In this somewhat confused article, Sentletse Diakanyo claims that “the Taliban had imposed strict rules on the people of Afghanistan based on their incorrect interpretation of the religious prescriptions contained in the Qur’an as well as the Hadith (set of teachings by the Prophet which are not contained in the Qur’an).” He doesn’t, however, explain in what way the Taliban got these teachings wrong, and his chief objection to a woman wearing the burka seems to be that it “rob[s] us of the inalienable right to admire her ravishing beauty.”
But on one point he hits the nail squarely on the head: the furious reaction to Sarkozy’s statement that the burka was not welcome in France. Sarkozy should have been a good dhimmi, known his place, and shut up.

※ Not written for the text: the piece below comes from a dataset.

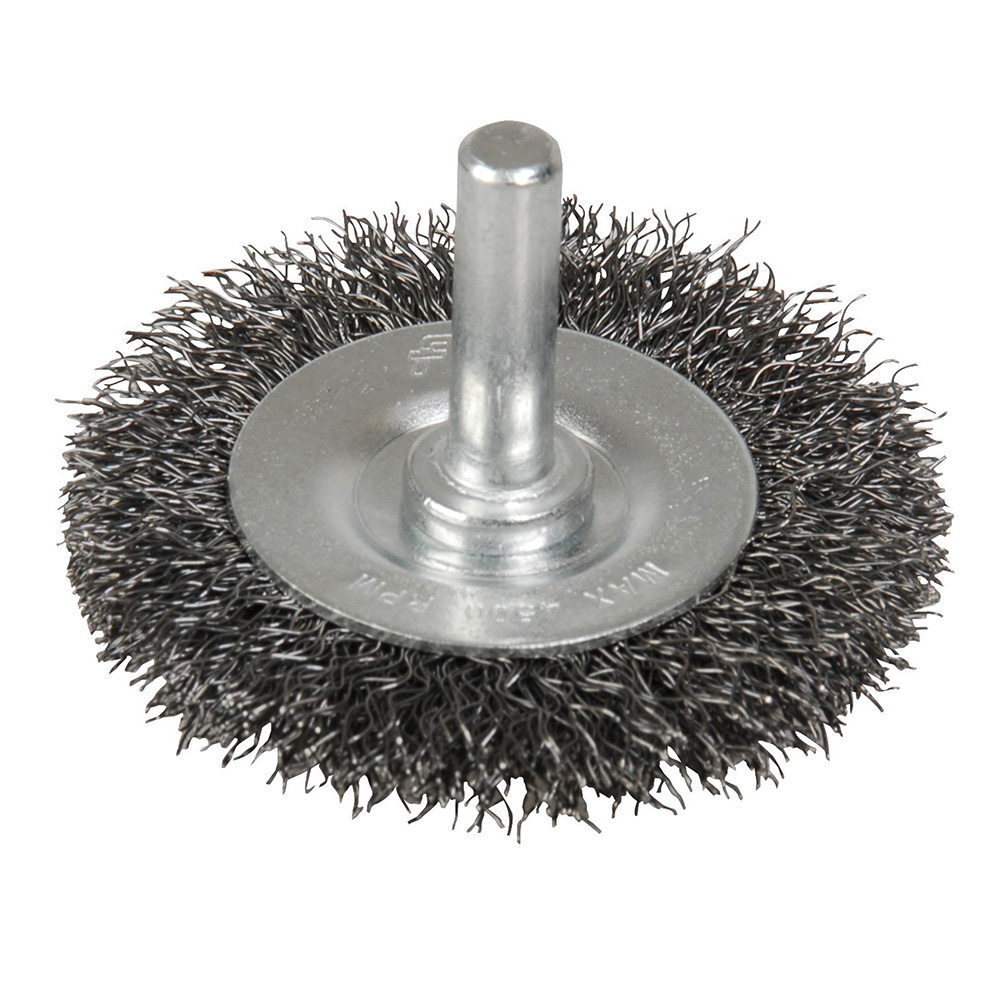 Carda copa ondulada alambre delgado 3" x 0.17 con zanco 1/4", Foy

The question that arises out of the overwhelmingly angry reaction to Sarkozy”s view is whether anything associated with the religion of Islam is beyond intense scrutiny and interrogation. There already exists a trend that suggests that those of us who do not follow the religion of Islam are prohibited from examining certain practices widely embraced by faithful Muslims and expressing a view on them. If the issue is the manner in which Sarkozy expressed his view, so be it, but nothing in his view suggests he was intent on promoting Islamophobia and many other things that Dr Drabu accuses him of. The MCB attempts to bury public discourse on the issue of Muslim women’s rights being subjugated.